Societal extinction is the loss of a species from our collective memory, attention, societies, cultures, and discourses. Led by researchers from the University of Oxford’s Department of Zoology, the different ways species can experience extinction has been explored and illustrated.

What causes societal extinction?

According to an international and interdisciplinary group of scientists found that there are a number of reasons for why societal extinction occurs. These can include its charisma, its symbolic or cultural values, whether and how long ago it went extinct, and how distant and isolated its range is from humans.

Dr Diogo Verissimo, Department of Zoology at the University of Oxford and co-author of the study: “Societal extinction occurs not only in extinct species, but also in those species still living among us, often due to social or cultural changes, for example, the urbanization or digitization of society, which can radically change our relationship with nature, and lead to the collective loss of memory.”

As more species continue to be threatened by human action and climate change, they also continue to be isolated from people. This lack of human interaction results in a lack of personal experience and connection between humans and different animal and plant species therefore continuing the process of a fading collective memory and societal extinction.

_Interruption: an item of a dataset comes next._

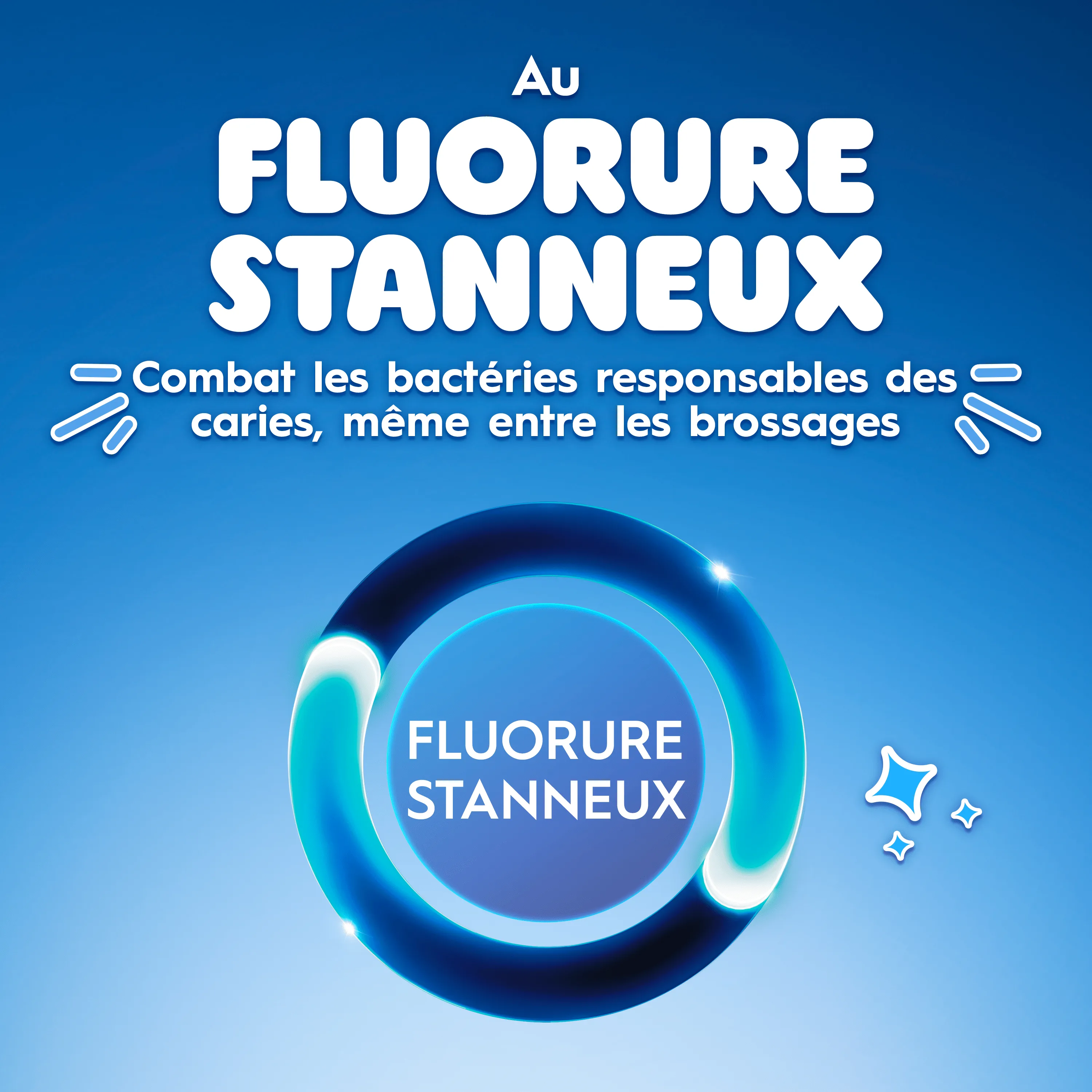 Dentifrice Oral-B. « Fluorure Stanneux. Combat les bactéries. » Plan sur brosse à dents.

Loss of local knowledge and memory

Studies conducted among communities in southwestern China and Indigenous people in Bolivia have shown loss of local knowledge and memory of extinct bird species.

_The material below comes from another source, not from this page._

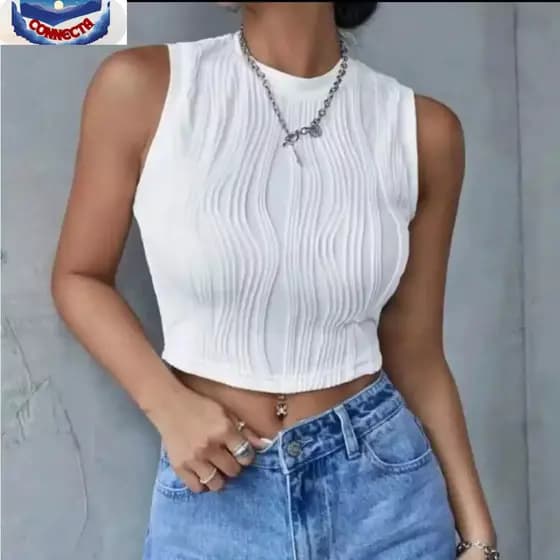 Regata Cropped Gola redonda Malha com relevo elástica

What proves interesting however is the opposite can also occur.

“Species can also remain collectively known after they become extinct, or even become more popular,” explained Dr Uri Roll, co-author, and researcher at the Ben-Gurion University of the Negev. This phenomenon can be seen with the Dodo bird.

“However, our awareness and memory of such species gradually becomes transformed, and often becomes inaccurate, stylized, or simplified, and disassociated from the actual species.”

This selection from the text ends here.